Quoi qu’on dise et quoi qu’on fasse, il y a donc dans la pratique de l’intérêt un mouvement historique dont il faut absolument tenir compte.

M. Proudhon a cherché à faire comprendre ce mouvement dès le commencement du débat. Il a eu, nous avons tout lieu de le croire, le malheur de n’être pas compris un seul instant de son honorable adversaire. Durant toute la discussion, M. Bastiat en est resté à l’argumentation de M. Chevé, contre lequel, économiquement, il avait beau jeu, au point de vue des faits et de l’usage ordinaire des choses. Mais tous les raisonnements de M. Proudhon sont devenus pour lui le livre au sept sceaux.

C’est qu’il fait bon batailler contre l’absolu au moyen de l’absolu. Sur ce terrain métaphysique, le pied ne glisse jamais, et les coups qu’on se porte ne font jamais grand mal ; au pis aller, si l’on est transpercé par son ennemi on a le plaisir de le transpercer à son tour. Mais personne n’en meurt. C’est un combat à armes courtoises.

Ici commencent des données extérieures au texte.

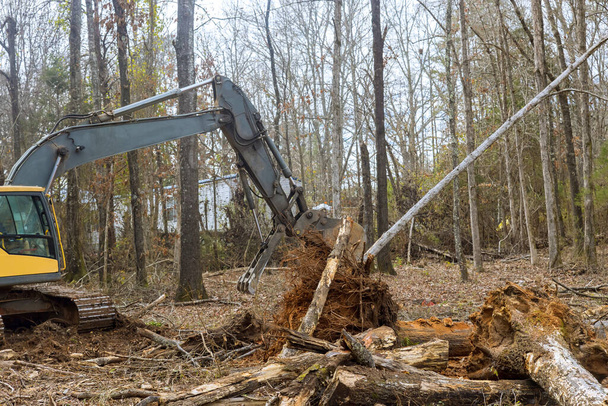 Excavator is being used by worker to clear land for house construction. - Photo, Image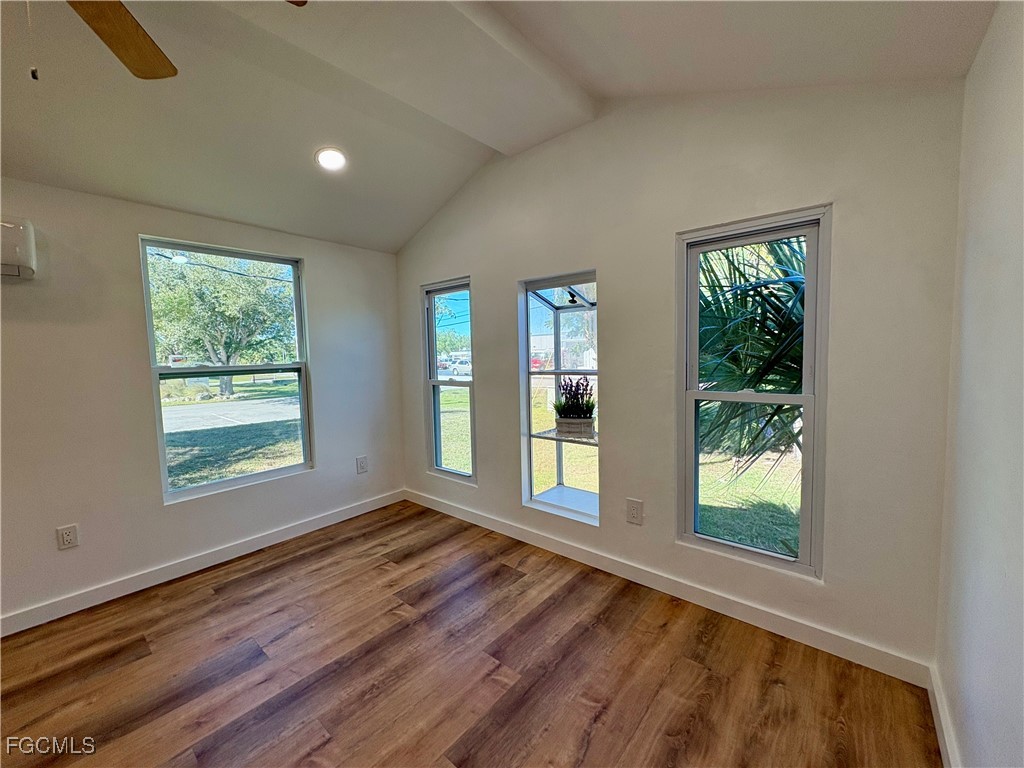 5675 Pine Island Road St. James City, FL 33956 - Photo 12 of 28 a view of an empty room with a window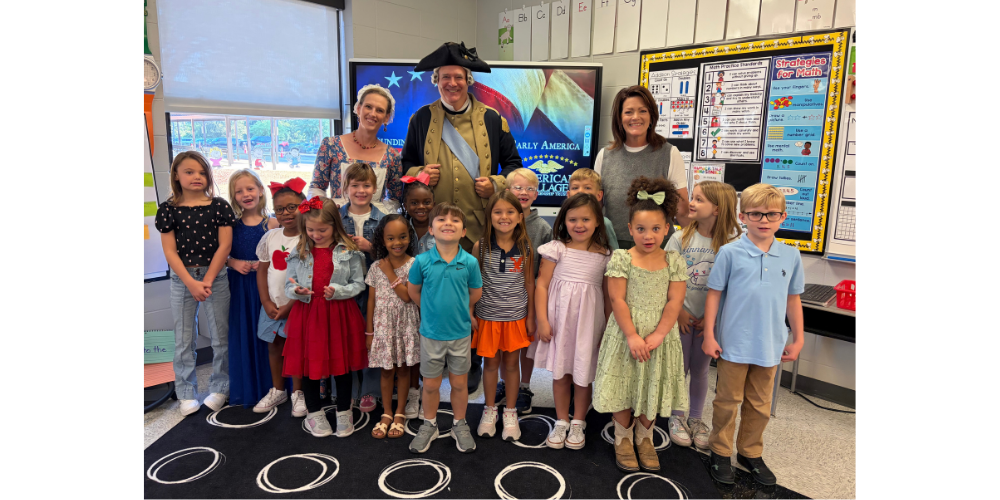 GROUP OF STUDENTS WITH TEACHER AND HISTORICAL CHARACTERS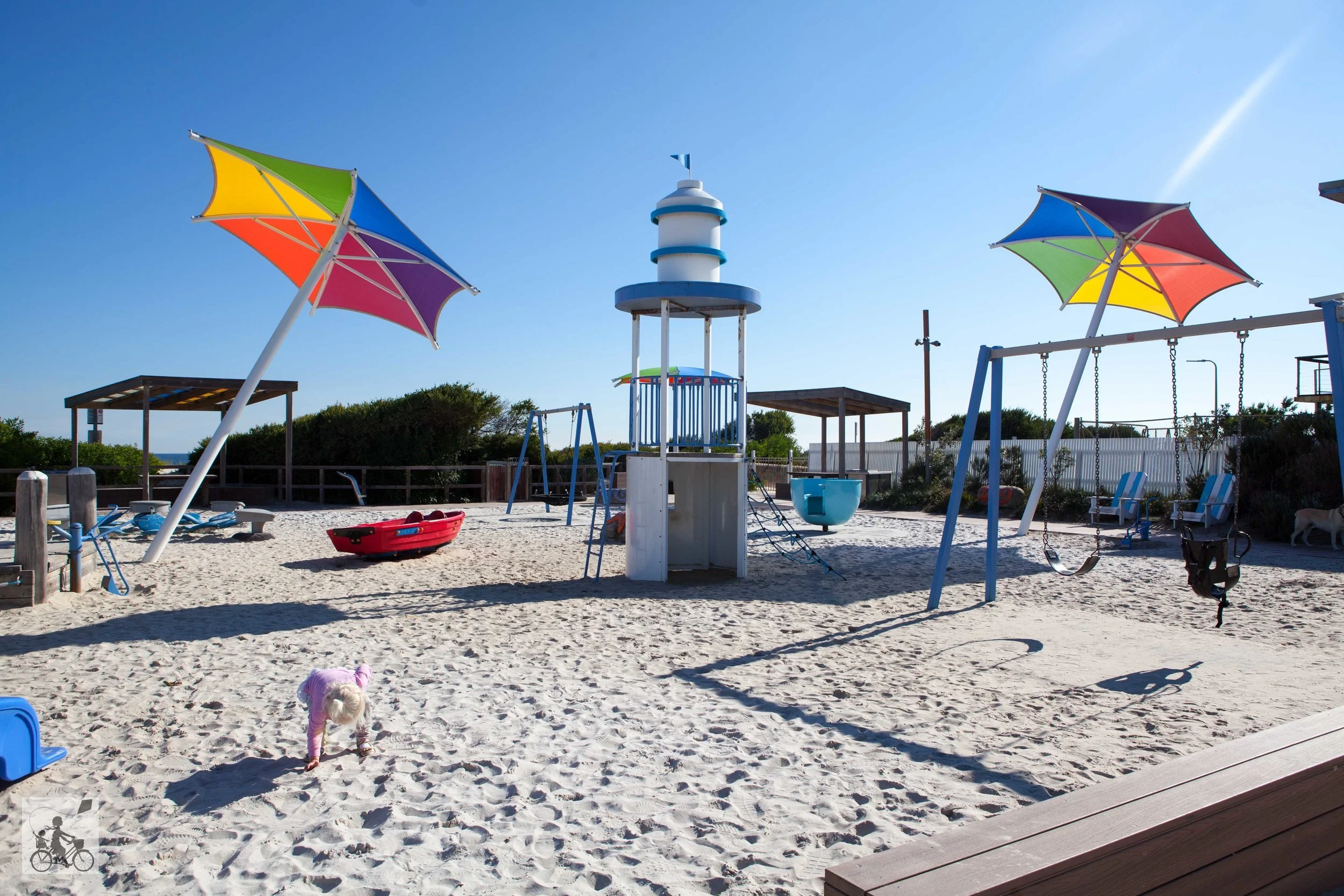 A playground on a sandy beach with colorful umbrellas, swings, a slide, and a small child playing in the sand on a sunny day.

Mais il n’en est plus de même quand on descend de ces hauteurs sereines et qu’on se trouve sur le terrain ardu des faits. Là, il ne s’agit point d’opposer syllogisme à syllogisme, et de rompre adroitement les deux cornes d’un dilemme. Il faut avoir plus que de la raison, il faut posséder véritablement la science. D’un fait, si on ne connaît ni la philosophie ni la série, il est impossible de tirer autre chose qu’une description ou une observation, jamais on n’aboutit à ce qui écrase un adversaire, à une généralisation.

M. Chevé a du moins cet immense mérite de posséder non-seulement un principe vrai, mais d’en avoir sondé toute la profondeur. Il ne lui manque plus que de sortir de l’absolu théologique, d’approcher un peu plus le fait humain et d’étudier l’histoire. Cela lui fera découvrir dans l’intérêt une portée, une signification qui lui a échappé. Il complétera alors facilement ce que nous n’hésitons pas à appeler sa découverte.